The Dark World Of Ian Fleming And James Bond

By Philip Gardiner, Kara Reynolds

Red Wheel/Weiser, LLC

Copyright © 2008 Philip Gardiner
All rights reserved.
ISBN: 978-1-60163-004-9

Contents

Copyright Page,
Title Page,
Introduction,
Chapter 1 - Ian Fleming, Part I: A Brief Biography,
Chapter 2 - The Bond Novels,
Chapter 3 - Ian Fleming, Part II: Early Influences,
Chapter 4 - Paracelsus and Gnosis,
Chapter 5 - The Lecture,
Chapter 6 - Ian Fleming , Part III: Occult Influences,
Chapter 7 - Religion , Philosophy , and Television,
Chapter 8 - A Bond Holiday,
Chapter 9 - Ian Fleming , Part IV: Spiritual Influences,
Chapter 10 - Influential People : In Depth,
Chapter 11 - The Bond Code in Names,
Appendix A - Terms,
Appendix B - Snakes and Serpents,
Appendix C - The Number 7,
Notes,
Bibliography,
About The Author,


CHAPTER 1

Ian Fleming, Part I: A Brief Biography


Ian Lancaster Fleming was born in Mayfair, London, to Valentine Fleming and Evelyn St.
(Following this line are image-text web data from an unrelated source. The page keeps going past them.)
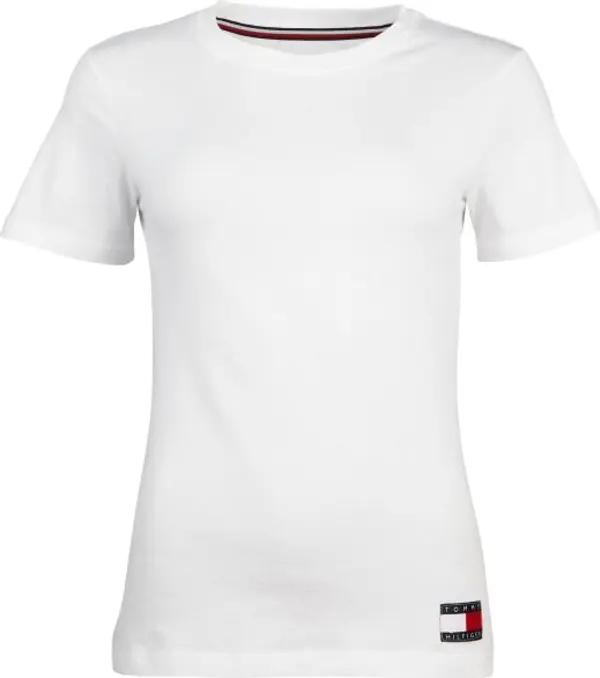 Tommy Hilfiger Tommy Hilfiger TOMMY 85 LOUNGE-SHORT SLEEVE TEE Дамска тениска, бяло, размер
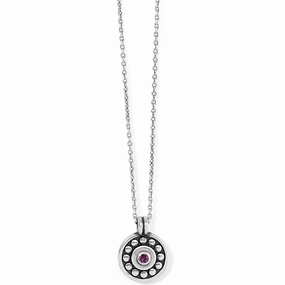 Brighton Pebble Dot Medali Petite Reversible Necklace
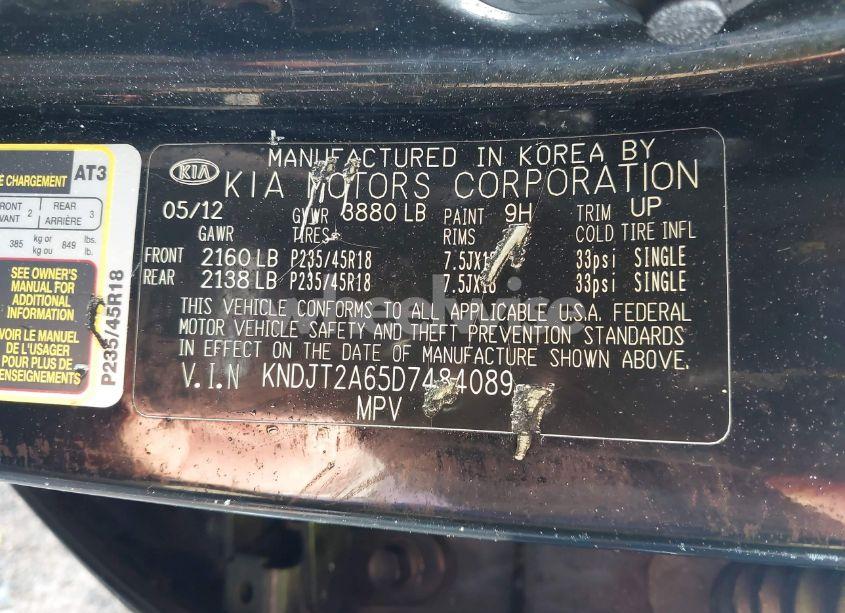 Photo 9 of 2013 Kia Soul ! (VIN KNDJT2A65D7484089)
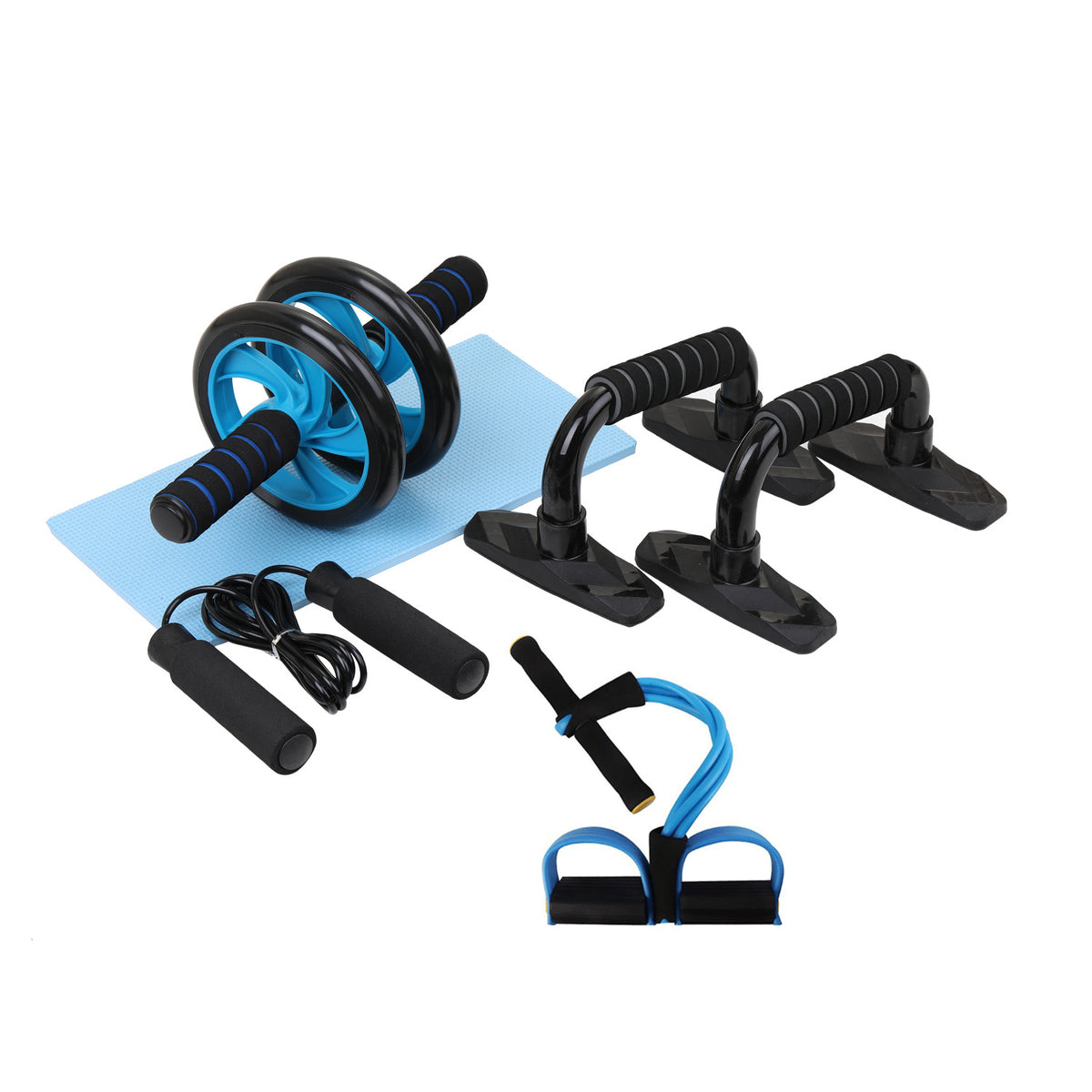 Compact Multi-Function Home Gym Equipment Set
Croix-Rose Fleming on May 28, 1908. He died on August 12, 1964. His father was once a member of the British Parliament (he died in action in the Great War), and his mother descended from royal blood. His elder brother, Peter Fleming, would go on to become one of the world's most famous travel writers, and, before Bond became popular, Peter unintentionally eclipsed everything Ian did.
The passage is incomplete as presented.